A legislative blueprint for prescription drug reform
Plus: Lessons learned about the homeless mentally ill; what we know from the August jobs report; and why zoning reform alone won’t lower housing costs
A legislative blueprint for prescription drug reform: Eighty-two percent of Americans say prescription drugs cost too much—and without reform, patients will keep paying the world’s highest prices while struggling to afford the medicines they need. In a new paper, FREOPP Resident Fellow Gregg Girvan lays out a comprehensive blueprint to fix America’s broken prescription drug market—one that preserves innovation while making medicines affordable. The plan builds on the Fair Care Act, tackling patent abuse, FDA inefficiencies, opaque pharmacy benefit manager practices, and weak payer leverage, while also proposing further reforms to Medicare’s price negotiation program and federal payment rules. The takeaway: America can remain the world leader in drug innovation while ensuring patients actually benefit from it—if Congress enacts reforms that curb exploitation, expand competition, and put patients before entrenched interests.
→ Want more from FREOPP scholars on health care?
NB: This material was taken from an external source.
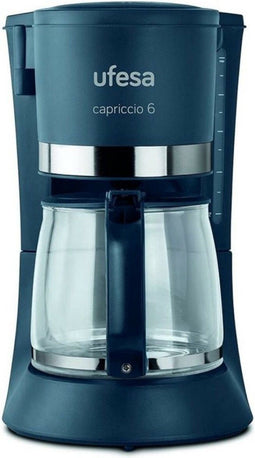 UFESA CG7114 Capriccio 6 Filter koffiezetapparaat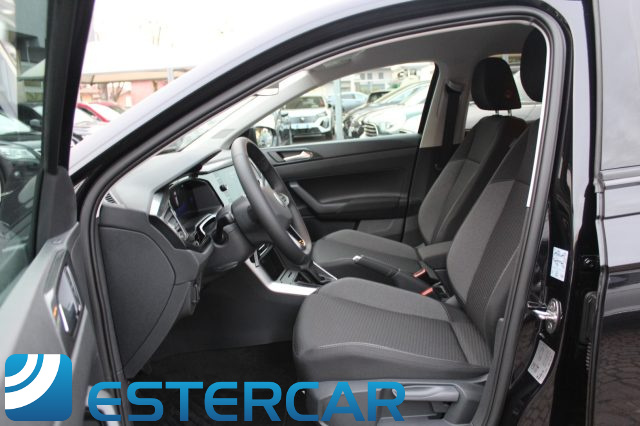 VOLKSWAGEN Polo usata, con Airbag Passeggero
Check out Visiting Fellow Grant Rigney’s argument for reconsidering the Affordable Care Act’s ban on physician-owned hospitals.
August jobs report confirms stagnation narrative: The August employment report confirmed that the U.S. labor market has stalled, adding only 22,000 positions and showing little net growth since April. FREOPP Visiting Fellow Aparna Mathur and Research Fellow Anmol Rathi describe the structural problems mounting beneath the 4.3 percent unemployment rate: long-term joblessness now makes up more than one-quarter of all unemployed, workforce participation remains depressed, and another 722,000 Americans have left the labor force compared to last year. Health care accounted for nearly all net job creation, masking steep losses in manufacturing, trade, energy, and the federal workforce. What’s more, persistent downward revisions to prior data raise additional concerns that real-time conditions are even weaker than reported. The report signals that policymakers face not just cyclical softening but entrenched challenges requiring urgent attention.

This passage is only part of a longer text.